Entries shown:

=== Section Start ===

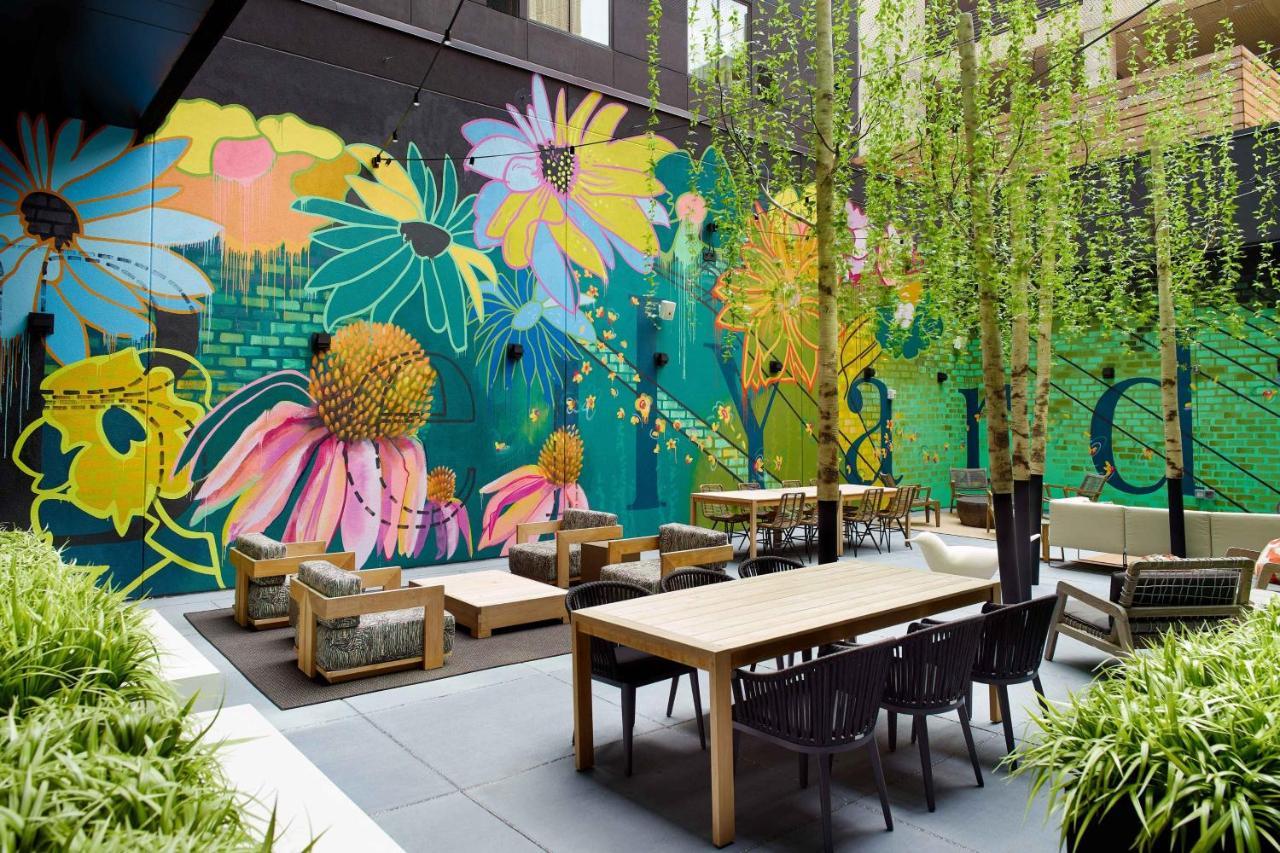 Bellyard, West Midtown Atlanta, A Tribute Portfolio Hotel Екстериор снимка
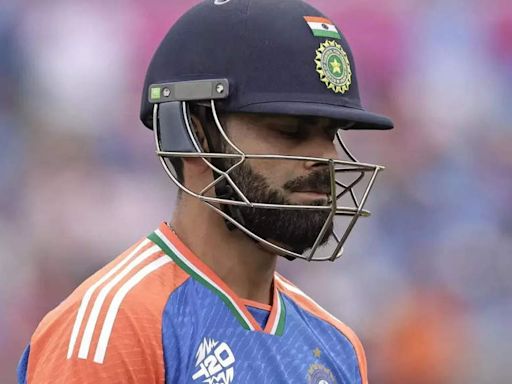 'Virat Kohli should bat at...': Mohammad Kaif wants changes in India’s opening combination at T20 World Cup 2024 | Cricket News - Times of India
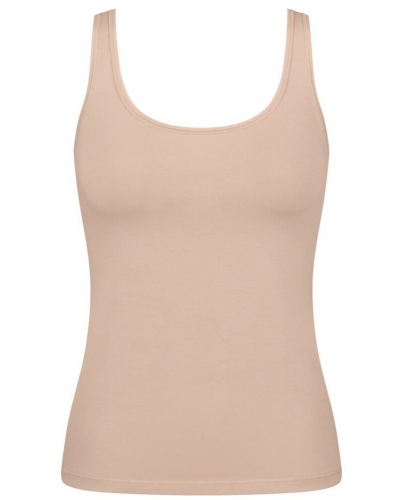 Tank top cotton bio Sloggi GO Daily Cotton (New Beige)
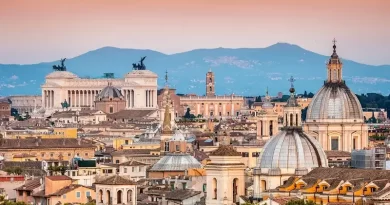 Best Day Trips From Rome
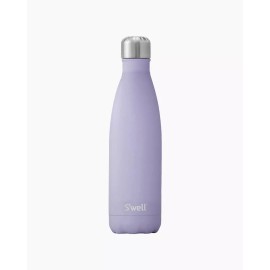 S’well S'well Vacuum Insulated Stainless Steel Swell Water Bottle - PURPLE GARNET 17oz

=== Section End ===
=== Section Start ===

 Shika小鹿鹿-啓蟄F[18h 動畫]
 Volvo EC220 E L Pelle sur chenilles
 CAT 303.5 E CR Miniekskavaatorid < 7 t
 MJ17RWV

=== Section End ===
=== Section Start ===

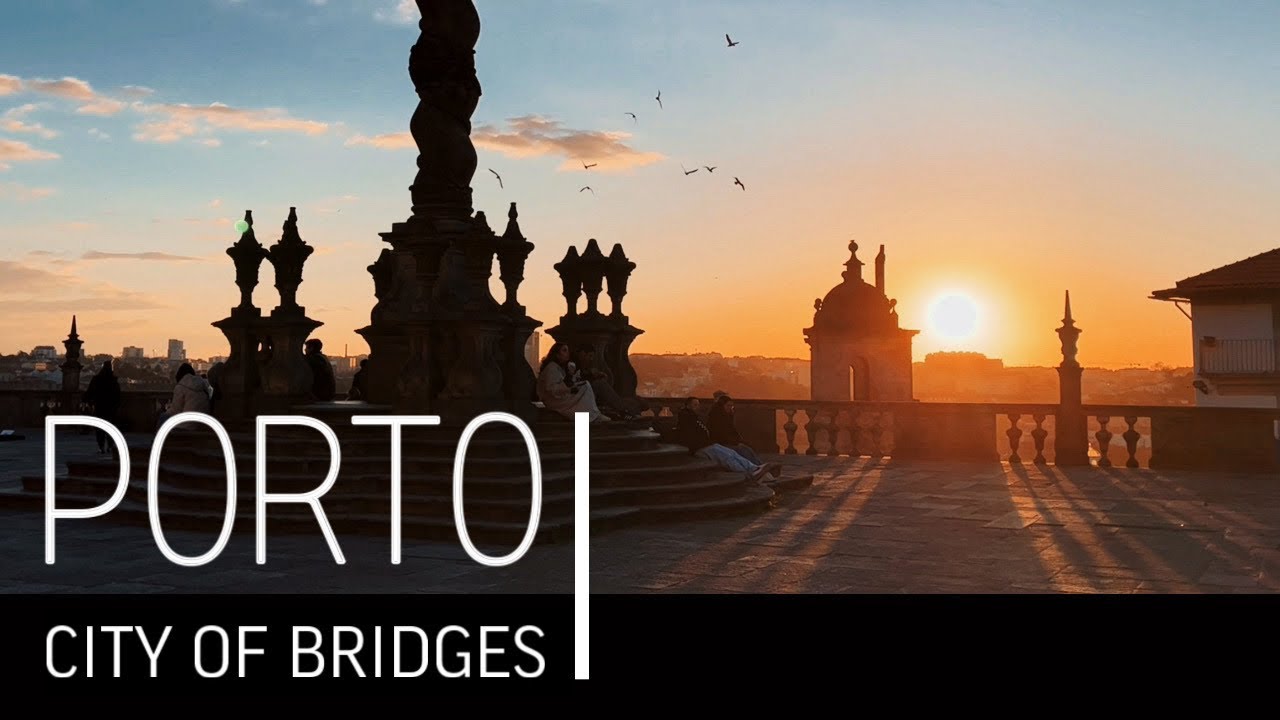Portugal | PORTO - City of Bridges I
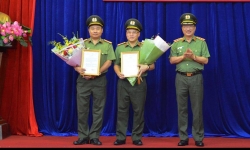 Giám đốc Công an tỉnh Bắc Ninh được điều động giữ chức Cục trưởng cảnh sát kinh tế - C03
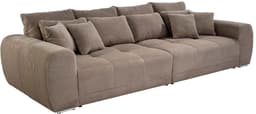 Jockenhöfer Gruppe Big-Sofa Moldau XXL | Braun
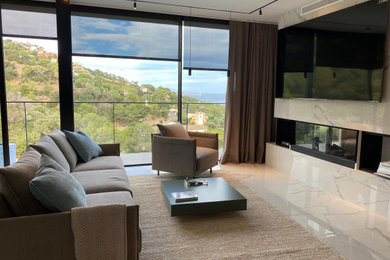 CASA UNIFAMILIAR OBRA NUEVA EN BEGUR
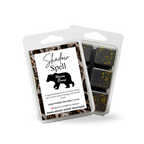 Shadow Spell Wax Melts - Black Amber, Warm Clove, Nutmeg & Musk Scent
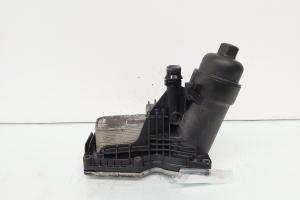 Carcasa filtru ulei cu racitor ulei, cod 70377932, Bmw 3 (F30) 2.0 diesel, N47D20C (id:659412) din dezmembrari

=== Section End ===

Work required: Reproduce the data above exactly, but only the lines from the one showing "Bellyard, West Midtown" through the one showing "S’well S'well Vacuum", with both ends kept and the pictures left out.

Completed task:
 Bellyard, West Midtown Atlanta, A Tribute Portfolio Hotel Екстериор снимка
 'Virat Kohli should bat at...': Mohammad Kaif wants changes in India’s opening combination at T20 World Cup 2024 | Cricket News - Times of India
 Tank top cotton bio Sloggi GO Daily Cotton (New Beige)
 Best Day Trips From Rome
 S’well S'well Vacuum Insulated Stainless Steel Swell Water Bottle - PURPLE GARNET 17oz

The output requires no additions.